By Tomer Gofer, CEO & Co-founder, Vaica
Caraline Watkins, Contributor
A recently published article by the Washington Post discussed the growing problem with Medicare patients and nursing home visits. It sheds a light on the lack of communication between doctors and the nursing homes, and focuses on the situation of patients who fall through the cracks and need specialized care. 1 in every 5 patients return to the nursing home within 30 days after they are discharged and the re-hospitalization rate for Medicare patients is 27% higher than the average. The article also mentions that the percentage of readmission rates that could have been avoided dropped from 12.4% in 2011 to 10.8% in 2016, so, there is progress being made, but there is still a long way to go. How can this problem be addressed in a patient centered approach? Maybe we should consider not moving these patients back and forth between different hospitals and facilities, but caring for them at home. This solution could focus on individualized care that helps patients get healthier with the least amount of complications (such as missed medication intakes, changes in doses, and lack of care continuity) in the comfort of their home and with the support of their families.
Medicare laws currently are set up in a way that the facility gets paid by the amount of days averaged out to the certain disease state or admission reason. Then, when the patient is discharged early, the facility benefits with more pay per day and less days actually taking care of the patient. But is this really helping since the patient will most likely return due to the lack of care? This law is being revisited this fall and with new Medicare laws, the government want to introduce rewards and penalties based on admission and readmission rates.
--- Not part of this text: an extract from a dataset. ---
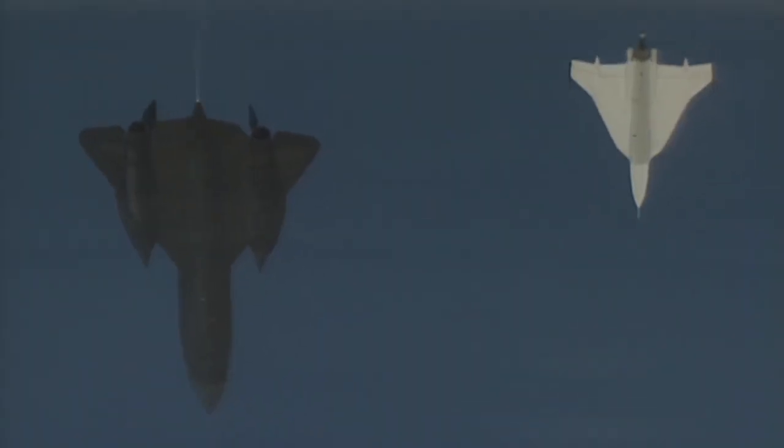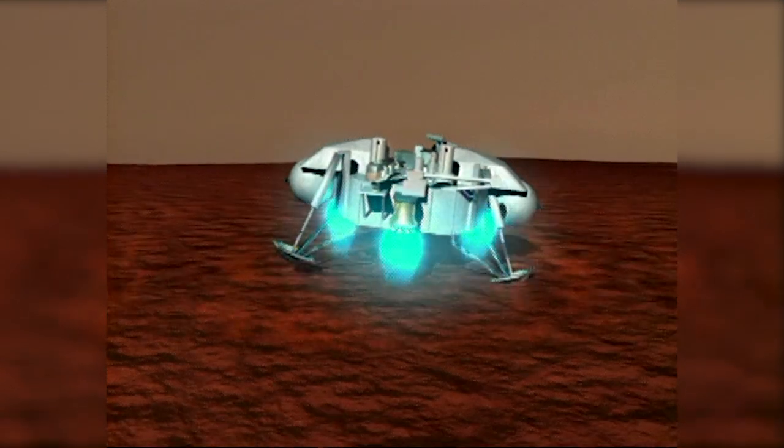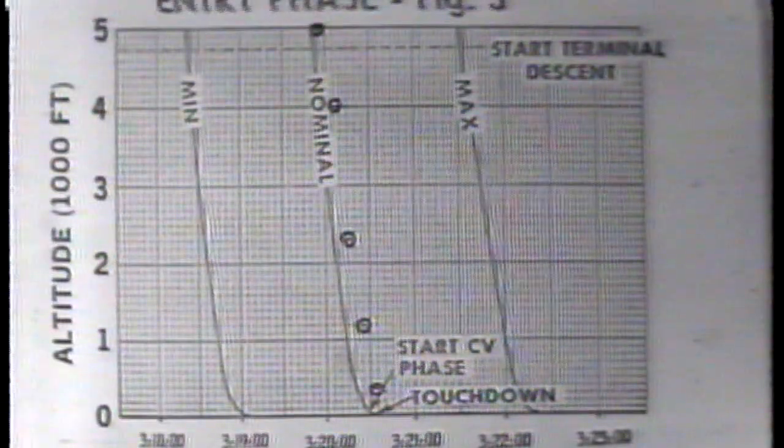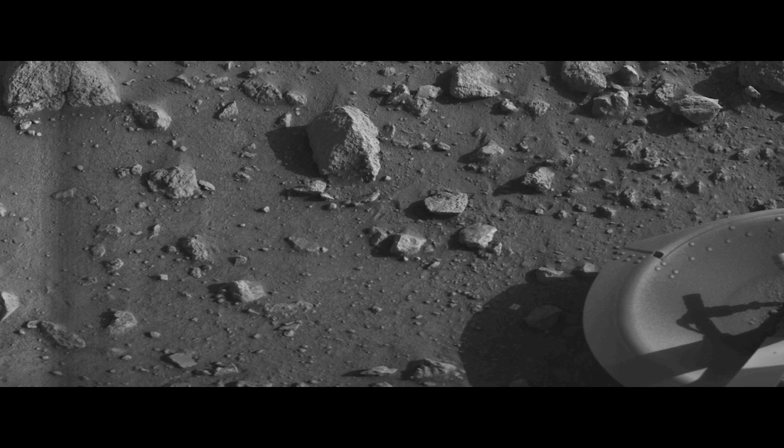Using what we learned about traveling through Earth's atmosphere, researchers began to figure out how we could land on other planets. NASA Langley led the first successful U.S. mission to the surface of the Red Planet, with the Viking 1 landing in 1976, setting the stage for our journey to Mars.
For example, the article mentions a patient who was not properly taking her thyroid medication due to lack of communication with the doctor and nurses at the nursing home. By not taking her thyroid medication she suffered greatly and it was eventually her family that discovered the error. Another example of misconduct due to lack of communication is when a patient was being administered too much of a blood thinner from a lack of communication between the nurses that resulted in more hospital visits and eventually death.
There is also the issue of the lack of staff at nursing homes and care facilities. The lack in staffing can cause a multitude of problems ranging from patients not getting the individual care that they need, not receiving their proper medications, and protocols falling in the cracks.
Taking these patients in and out of the hospital and nursing homes is not providing them a place to recover physically and mentally. These patients need a place where they feel safe and cared for so they can fully recover back to their full health. By having an at-home care service, these patients will not only get the individualized care that they need, they could have a support net that is proven to be most beneficial, and true care continuity which is most important. Maybe we need to take a step back, and look at how we can better serve the patient instead of glorifying laws and pursuing paybacks.